GoPro is moving the production of most of its US-bound cameras out of China by next summer in order to “mitigate the potential impact of inclusion on any new tariff lists” drawn up by the Trump administration.

“Today’s geopolitical business environment requires agility, and we’re proactively addressing tariff concerns by moving most of our US-bound camera production out of China,” said Brian McGee, executive vice president and CFO of GoPro, in a press release. “We believe this diversified approach to production can benefit our business regardless of tariff implications.”

On GoPro’s third-quarter earnings call in November, McGee warned this move could be coming.

“On the tariff, other companies have successfully sought exclusion on the tariffs and we believe there are reasons for our cameras to also be excluded, if we are ever included in a tariff left in the future,” McGee said.

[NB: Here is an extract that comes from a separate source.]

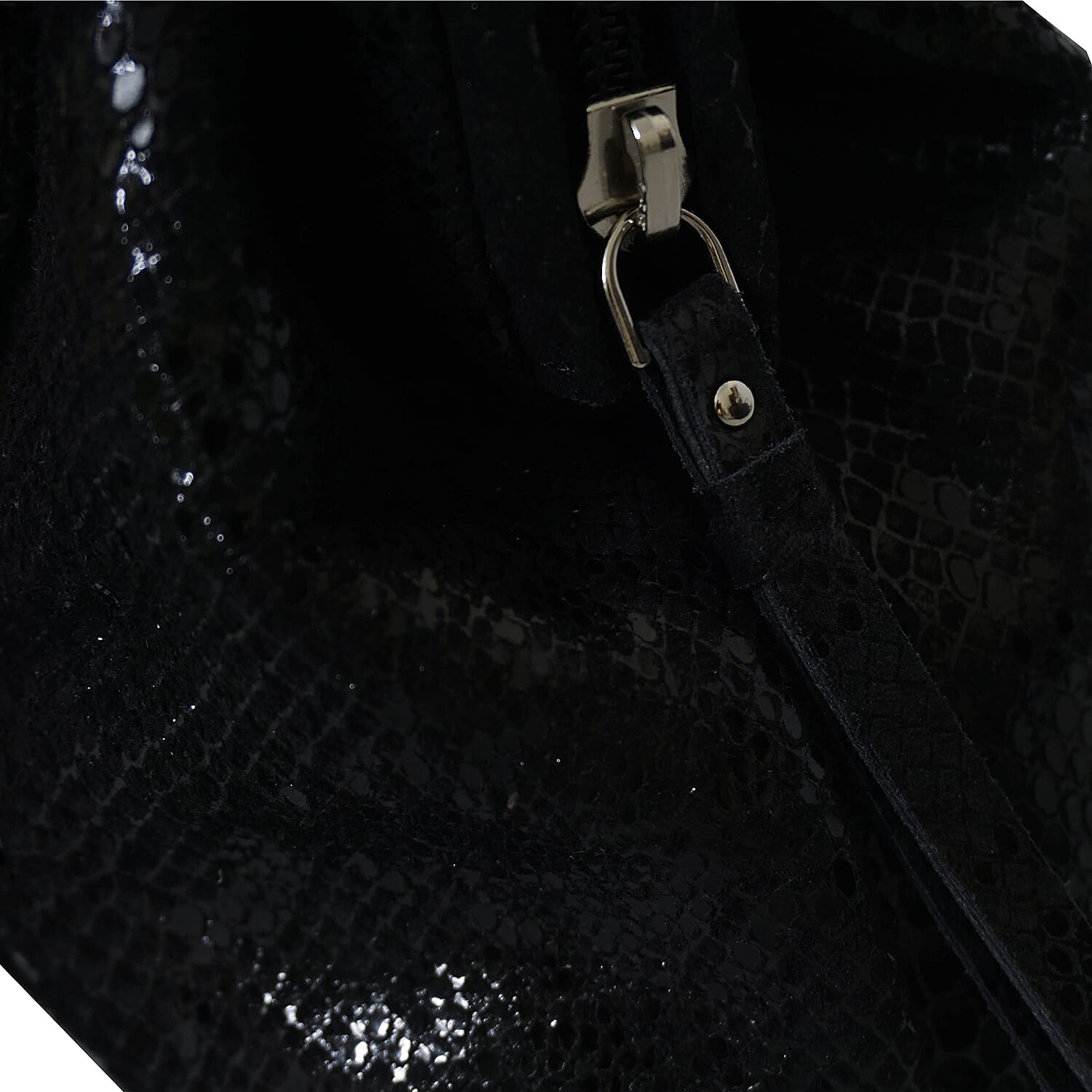 ASSOTS LONDON Genuine Leather Snake Print Oversized Clutch Bag with Adjustable Shoulder Strap (Size 26x22x3cm) - Black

“But we’re being very proactive on this topic. We also believe we have an option to move our U.S.-bound production out of China in the first half of 2019 if necessary.”

It has been a difficult year for GoPro investors, who have seen shares lose more than a third of their value after the company announced a restructuring plan in January. At the time, GoPro said it would lay off 250 workers and exit the drone business in an attempt to return to profitability by the end of the year. It also hired JPMorgan to look into a possible sale.

Wall Street analysts expect that company will meet its restructuring objective when it reports its fourth-quarter results at the end of January. GoPro is expected to post adjusted earnings of $US0.26 a share on revenue of $US374.25 million for its crucial holiday quarter, according to analysts surveyed by Bloomberg.